When dealing with multiple variables, this method extends to either marginally stratify each variable or jointly stratify them. However, joint stratification across multiple variables can also fall prey to the curse of dimensionality.

The Modern Method: Unsupervised Clustering

An alternative approach uses unsupervised clustering algorithms, such as k-means or hierarchical clustering, to group observations into clusters, treating these clusters as strata. Unlike binning, clustering leverages the distribution of the data to form natural groupings.

Formally, let X be a matrix of n observations across p continuous variables. One class of clustering algorithms aims to assign each observation i to one of k clusters:

    \[\text{minimize} \quad \sum_{j=1}^k \sum_{i \in \mathcal{C}_j} \text{distance}(X_i - \mu_j),\]

where \mu_j=\frac{1}{|S_j|}\sum_{i\in \mathcal{C}_j} X​ is the centroid of cluster \mathcal{C}_j of size |S_j|.

Commonly, \text{distance}(X_i, \mu_j)=\|X_i - \mu_j\|^2 which leads to k-means clustering. Unlike in the binning approach, here we are not restricting each strata to have the same number of observations.

Pros and Cons

Unsurprisingly, each method comes with its trade-offs. Traditional binning is simple and interpretable but can struggle with multivariate dependencies.
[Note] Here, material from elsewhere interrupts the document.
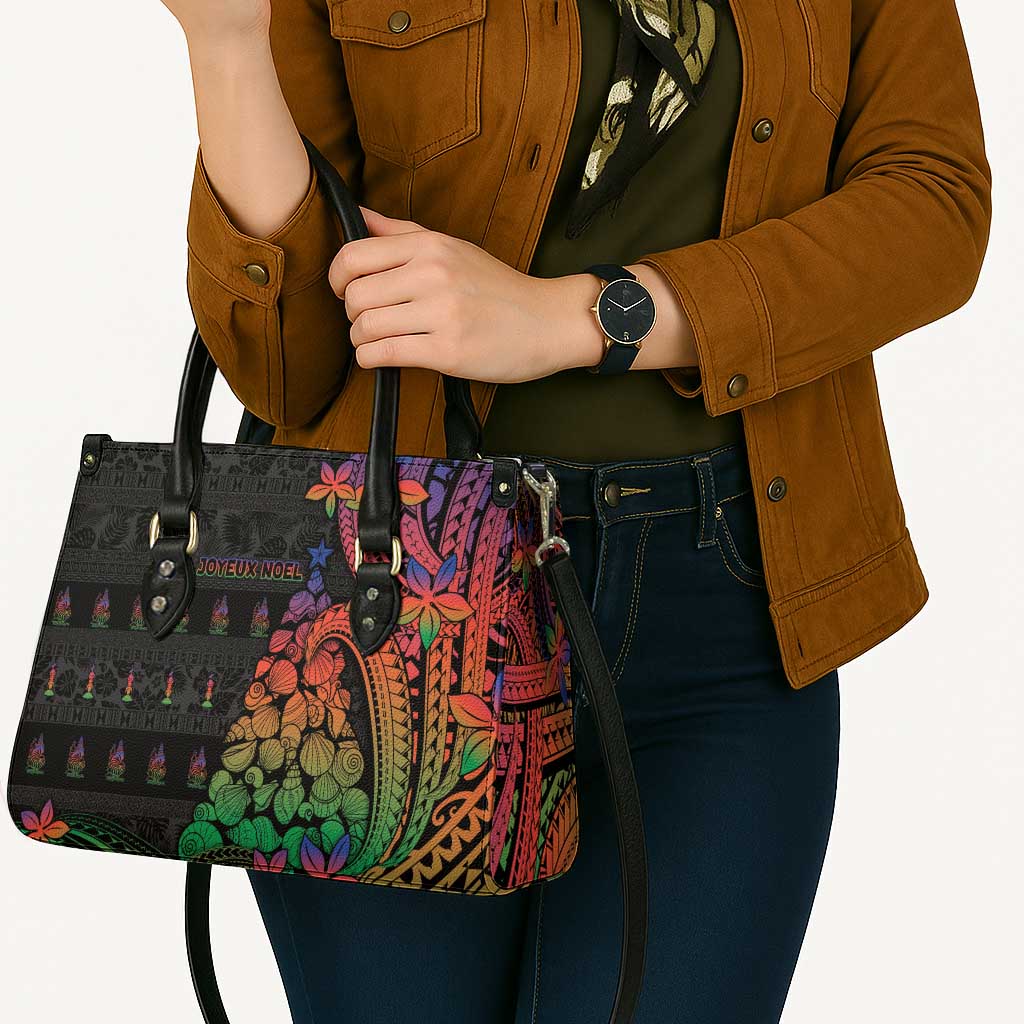 New Caledonia Christmas Leather Bag Seashell Xmas Tree Tribal Waves - Polynesian Pride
Clustering accounts for multivariate relationships between variables, avoids imposing arbitrary bin thresholds, and may results in more natural groupings. However, it can be computationally expensive and sensitive to the choice of algorithm and hyperparameters (e.g., k in k-means).

One can also imagine a hybrid approach. Begin with a dimensionality reduction method like PCA and then perform binning on the first few principal components.

An Example

Here is R code illustrating both types of approaches on the popular iris dataset. We are interested in creating strata based on the SepalLenght variable. We begin with the traditional binning approach.

rm(list=ls())
set.seed(42)
data(iris)

# Divide the continuous variable "Sepal.Length" into 4 quantile bins
iris$SepalLengthBin <- cut(iris$Sepal.Length, 
                           breaks = quantile(iris$Sepal.Length, probs = seq(0, 1, 0.25)), include.lowest = TRUE)

# Inspect the resulting strata
table(iris$SepalLengthBin)

We split the dataset into four roughly equal parts based on the SepalLenght values, each with about 38 observations.

Let’s now turn to k-means clustering.

# Perform k-means clustering on two continuous variables
iris_cluster <- kmeans(iris[, c("Sepal.Length", "Petal.Length")], centers = 4)

# Assign clusters as strata
iris$Cluster <- as.factor(iris_cluster$cluster)

# Inspect the resulting strata
table(iris$Cluster)

Here we also have four clusters, but their size ranges from 25 to 50 observations each.

You can find the code in this GitHub repo.

Takeaways
  • Stratified sampling with continuous variables requires balancing simplicity and sophistication.
  • Traditional binning remains a practical choice for single variables or marginal stratification.
  • Clustering provides a robust alternative for capturing multivariate structures.
  • Understanding the strengths and limitations of each approach, allows designing more effective tailored sampling strategies.